Current State of Electricity
With a hundred and ten years long history full of ups and downs of hydropower development, Nepal's installed capacity at present is 1,275.54 Megawatts (MW). If one is to examine the provisions of the Electricity Act, 1992 and Electricity Regulation, 1993, the private sector, apart from the government-owned Nepal Electricity Authority (NEA) holds a vital position in the development of the electricity sector.
As per the annual report published by the NEA 2019/20, out of the total 7,741 Gigawatt hours (GWh) of electrical energy available in NEA’s system, internally generated electricity (39.02% from NEA and 38.64% from the Independent Power Producers) amounted to about 78% and the remainder 22.23% of electricity was imported from India. Likewise, the peak demand for electricity was 1,408 megawatt.
According to the Department of Electricity Development (DOED), 109 projects in the domestic electricity generation within the country are currently under operation- with the total installed capacity at 1,289 MW. Out of these, 85 projects with 654 MW of installed capacity are operated by the Independent Power Producers whereas the remaining projects were developed under the NEA and its subsidiary companies. Similarly, survey licenses are awarded to a total of 289 projects including hydropower, along with some solar-power and wind-power projects with the potential generation capacity of 17,000 MW. A total of 41 projects with a generation capacity of around 3,000 MW have applied for construction license after duly having completed the surveying. Out of these projects, approval has been provided to 238 projects under the ownership of government-owned companies as well as private sector promoters, to generate around 8,000 MW of electricity.
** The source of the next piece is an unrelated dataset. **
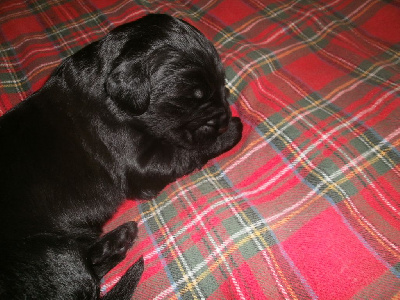 Les chiots de Berger de Brie
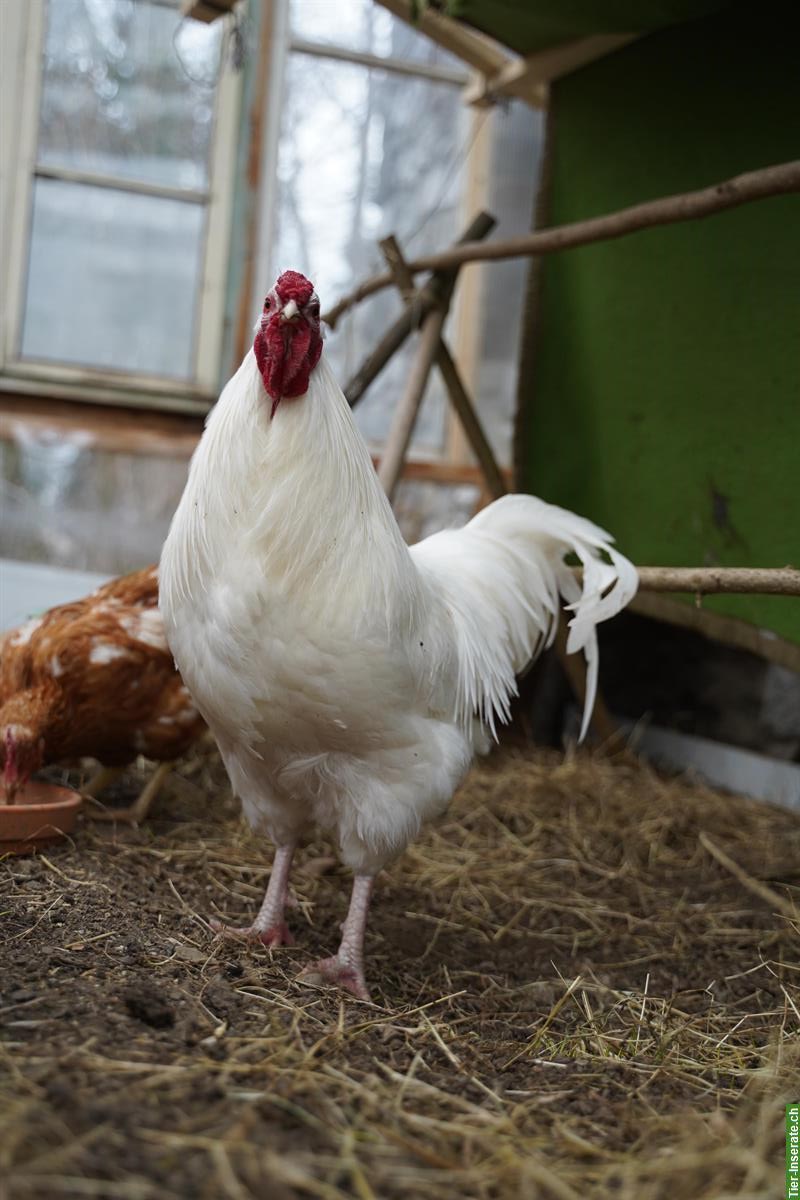 Bild 3: Weisser junger Hahn gratis abzugeben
As per the NEA's annual report of 2019/20, projects around 3000 MW of generation capacity are currently under construction phase upon financial closure, whereas other projects of around 5000 MW of generation capacity are to undergo financial closure soon.
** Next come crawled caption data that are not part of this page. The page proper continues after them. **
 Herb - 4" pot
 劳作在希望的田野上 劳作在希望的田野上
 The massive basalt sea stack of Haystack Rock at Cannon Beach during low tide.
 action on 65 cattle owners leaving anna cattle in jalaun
With regards to the transmission line, currently, 10 transmission line projects have applied for construction licenses after having completed the survey works. Likewise, 136 projects are under construction after having received a construction license. Approximately 3500 circuit kilometers of transmission line above 66 kV capacity are currently under operation, and around 3400 circuit kilometers of a transmission line is under construction. Also, substations of around 3800 MVA capacity are currently under operation whereas substations of around 9800 MVA capacity are under construction.
According to NEA's annual report of 2019/20, 86% of Nepal's populations are currently receiving electricity through the grid, whereas the Government of Nepal has aimed to provide the reach of electricity to the entire population of Nepal in the next three years. NEA's total number of consumers are currently around forty-two lakhs, seventeen thousand seven hundred and ten, divided in a category such as domestic, community, commercial, non-commercial, drinking water, agriculture, transportation, industrial, etc. Out of its total number of consumers, the domestic category consumers form around 93.26% of the total number of consumers and contribute around 39.84% of NEA's total revenue. Similarly, industrial consumers form only 1.3% of the total number of consumers but generate 37.51% of the revenue. It is seen that the remainder of NEA's income is through other consumer categories and through other services. Thus, it can be observed that NEA needs to pay more attention to the consumption of electricity by the domestic sector.
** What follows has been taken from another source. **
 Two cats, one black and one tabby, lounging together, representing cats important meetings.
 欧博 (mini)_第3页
If the colossal potential carried by Nepal's electricity sector is to be achieved, utilities under the Government of Nepal along with the private sectors need to be encouraged and provided equal opportunities. Hence, the regulation of this sector is extremely necessary for this very reason. A regulatory body such as the Electricity Regulatory Commission plays a vital role, with respect to the generation, transmission and distribution of electricity, for technical management, determining of consumer tariff and regulation of power purchase, to maintain competition and safeguard consumer interest, to maintain organizational good governance by extending the organizational capacity of licensees, to provide necessary suggestions and recommendations to the Government of Nepal with respect to the electricity sector, and for resolution of the dispute between licensees, stakeholders and common people.
Nepal Electricity Authority Act, 1984 had given the NEA, a sole authority regarding generation, transmission, distribution of electricity along with determining of consumer tariff. However, the Electricity Act, 1992 and Electricity Regulation, 1993 introduced the provisions to encourage private sectors in the generation of electricity, along with the formation of Electricity Tariff Fixation Commission for determining consumer tariffs. Nevertheless, the practice at present is that NEA is a sole player regarding the purchase of power, distribution, system operations along with construction and operation of transmission lines, which has barricaded the concept of multi-buyer and multi-seller. For this very reason, people are unable to choose the power utility of their choice. Even for the electricity generation licensees, there is a risk that one party could be in a dominant position in the power purchase rate and conditions set in the agreement, given that there is only one power purchaser.
Apart from technical reasons, investors, big and small, are at risk due to the inability of power producers to maintain good governance. In such a given context, the parliament promulgated the Electricity Regulatory Commission Act, 2017 to address the need to make the generation, transmission, distribution and trade of electricity simple, regular, properly managed and transparent. In accordance with the same Act, the government approved the Electricity Regulatory Commission Regulation, 2018. The Electricity Regulatory Commission has been thereafter continuing its operation after the appointment of its members and chairperson.
The Commission shall implement certain foundational principles in the implementation of its regulatory role. Whilst implementation of the basic principles, (a) consumers shall get qualitative and safe electricity service, (b) electricity distribution licensee shall get a fair return on their equity (c) consumers' rights shall be protected, (d) the technological and non-technological parts of the electricity generation, transmission, distribution and trade shall be developed as per international standard, (e) generation, transmission, and distribution tariff shall be determined transparently and based on the cost and incentive-based mechanism, (f) the electricity sector shall be more competitive, (g) internal control system of the persons and organizations involved in the generation, transmission and distribution of electricity shall be established leading to maintenance of good-governance, (h) the dispute between licensed persons and organizations shall be resolved in accordance with national and international mechanisms.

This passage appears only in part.